Eran los tiempos en que
intelectuales y artistas formaban brigadas para ser parte del trabajo
voluntario en la Cuba que anunciaba la utopía, siempre inconclusa, de la
justicia y plenitud del ser humano. El poeta se conmueve ante esa realidad
social que hay que transformar; la realidad de esa clase social a la que no pertenece porque
no es parte de su historia de opresión, pero frente a la que su palabra se
transforma, se vuelve solidaria y hace del verso una ética de vida, con la
vergüenza de no cargar los mismos dolores de aquel pueblo del que forma parte,
pero aún desconoce: «Con las mismas manos de acariciarte estoy construyendo una
escuela. / Llegué casi al amanecer, con las que pensé que serían ropas de
trabajo, / pero los hombres y los muchachos que en sus harapos esperaban / todavía
me dijeron señor». Al final del poema, el poeta reafirma el recuerdo de su
amada en medio del trabajo voluntario, en medio de ese aprendizaje de la
solidaridad: «No hay momento/ en que no piense en ti. / Hoy quizás más, / y
mientras ayude a construir esta escuela / con las mismas manos de acariciarte».
Roberto
Fernández Retamar (1930 – 2019) es un corazón generoso que albergó una lucidez,
heredera y estudiosa del pensamiento martiano, que divulgó la obra de Martí; la misma lucidez que nos
replanteó el sentido de la imagen de Calibán en la antinomia civilización y
barbarie, e iluminó la mirada de la literatura de nuestra América desde la
construcción de la palabra crítica propia.

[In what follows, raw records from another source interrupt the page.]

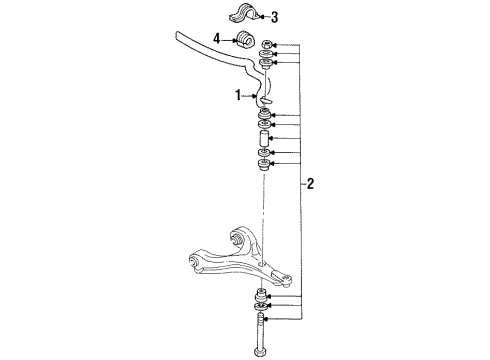 1996 Buick LeSabre Stabilizer Bar & Components Diagram 2 - Thumbnail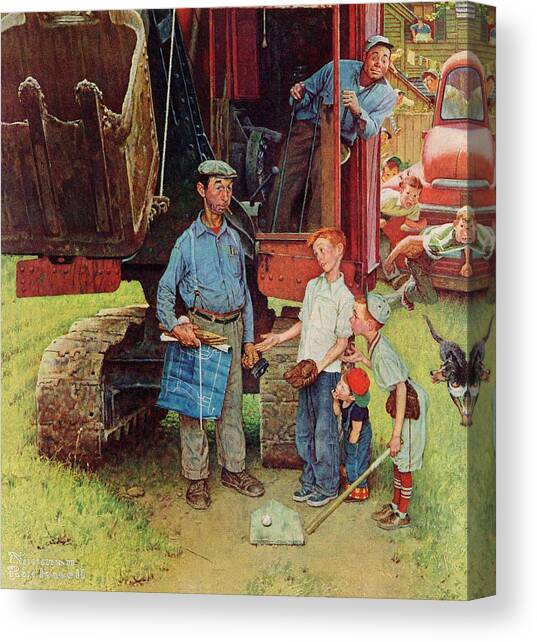 Construction Crew Canvas Art Print by Norman Rockwell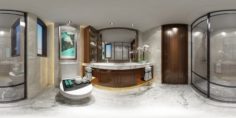 Panoramic neo-classical style bathroom toilet space 02 3D Model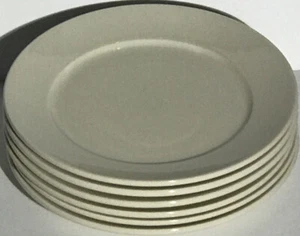 Homer Laughlin (6) Salad Plates Off-White Farmhouse 9”Wide Rim Lead Free USA EUC - Picture 1 of 7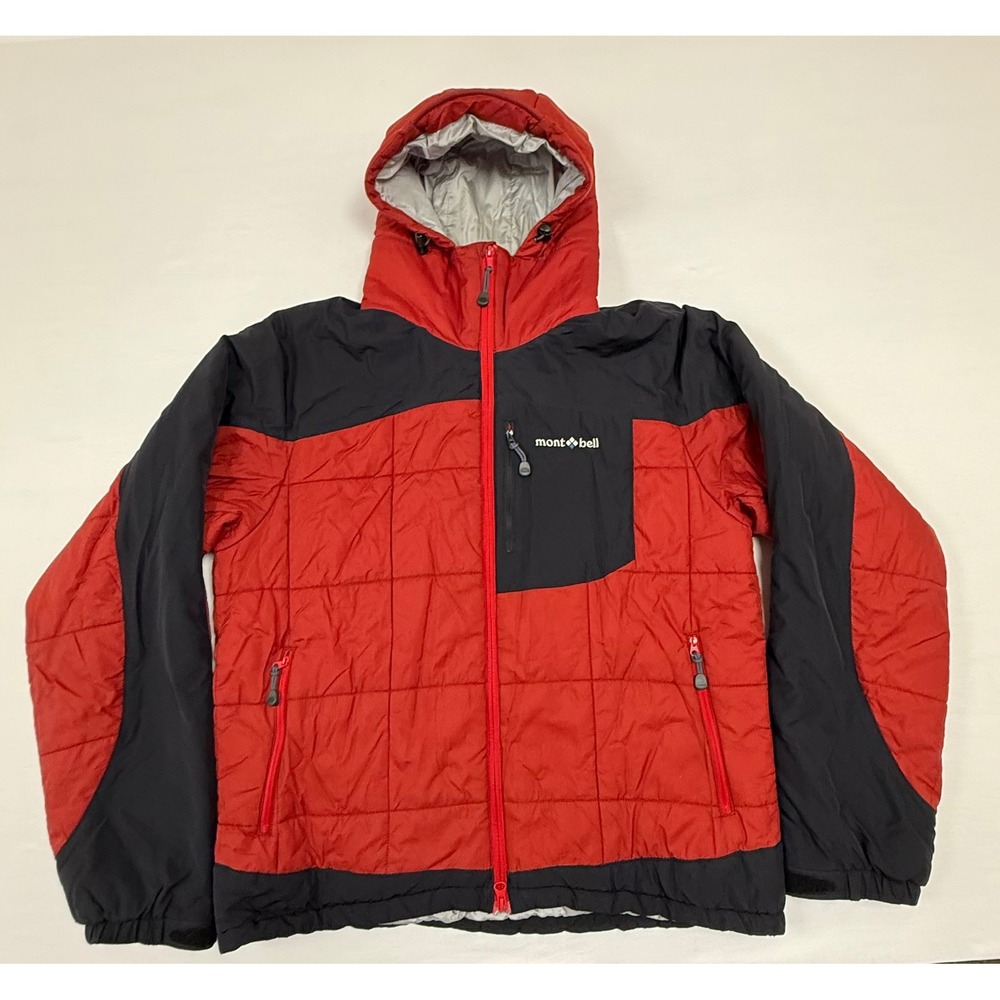 Mont-Bell Flat Iron Puffer Hooded Jacket‎ Red Quilted Insulated Full Zip Mens L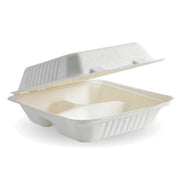 BIOPAK20x22x8cm / 7.8x8x3" 3-Compartment White Plant Fibre Clamshell 200 Units - Hospitality Connect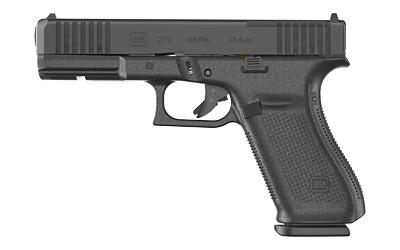 Glock 21 V MOS Pistol, UV2150203MOS, 45 ACP Pistol, 4.61", Black Grips, Black nDLC Finish, GMB Barrel, Optics Ready, 13 Rds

Al mismo tiempo, Retamar es un
espíritu de la poesía que emerge desde la contemplación de lo cotidiano y que
reivindica el “deber y derecho de escribir sobre todo”: «Para ti, para este instante,
para este poema / que se escribe gracias al aliento exhalado por Miranda o por
Jenofonte, / con un trozo sobrante de Casiopea.»
La
vigencia de la Casa de las Américas, como centro de pensamiento y creación
artística y literaria, es el testimonio de la tarea cultural que Fernández
Retamar lideró durante gran parte de su vida, confiando siempre en la juventud y llenando la
Casa de la frescura de nuevas propuestas creativas, al tiempo que mantuvo y
trabajó en la memoria y la tradición de una literatura continental. Y, no digo
más, porque sé que estas palabras mías hubiesen abrumado al poeta, que nos legó
algunos versos para su epitafio: «Se equivocó más de
una vez, y quiso sinceramente hacerlo mejor. / Acertó, y vio que acertar tampoco
era gran cosa. / De todas maneras, llegado al final, declaró que volvería a
empezar si lo dejaran».
Nos enseñó la ética de la vergüenza del poeta, aquella que
enfrenta la inutilidad de la poesía para las tareas prácticas, esas tareas que
algunos escriben con mayúsculas. Y, sin embargo, también nos enseñó que
el poeta persiste en su escritura por esa necesidad de que la poesía exista por
sí misma, sin justificaciones, que la poesía exista para sobrevivir al horror
del mundo y para vivir en la belleza del mundo. «Nosotros, los sobrevivientes,
/ ¿a quiénes debemos la
sobrevida?
/ ¿quién se murió por mí en la ergástula, /
quién recibió la bala mía, / la para mí,
en su corazón?».
Con el poeta, en Casa de las Américas, el 10 de febrero de 2017. |
Envío: a Roberto
Fernández Retamar, cuyo espíritu es parte de mis calles habaneras y sus cenizas
yacen en el cielo de aguas profundas del Caribe. «Es lo mismo de siempre: / ¡Así
que este hombre está muerto! / ¡Así que esta voz / delgada como el viento,
hambrienta y huracanada / como el viento, / es la voz de nadie!». Pero yo no
estoy escuchando un disco de Benny Moré como tú, sino escuchando otro disco, ese
en el que los poemas hablan con tu propia voz, que ya es la voz de nadie, pero
también es la voz de la permanencia de ti en tu poesía, que, en medio de la
diversidad, pervive «…toda temblor, toda ilusión».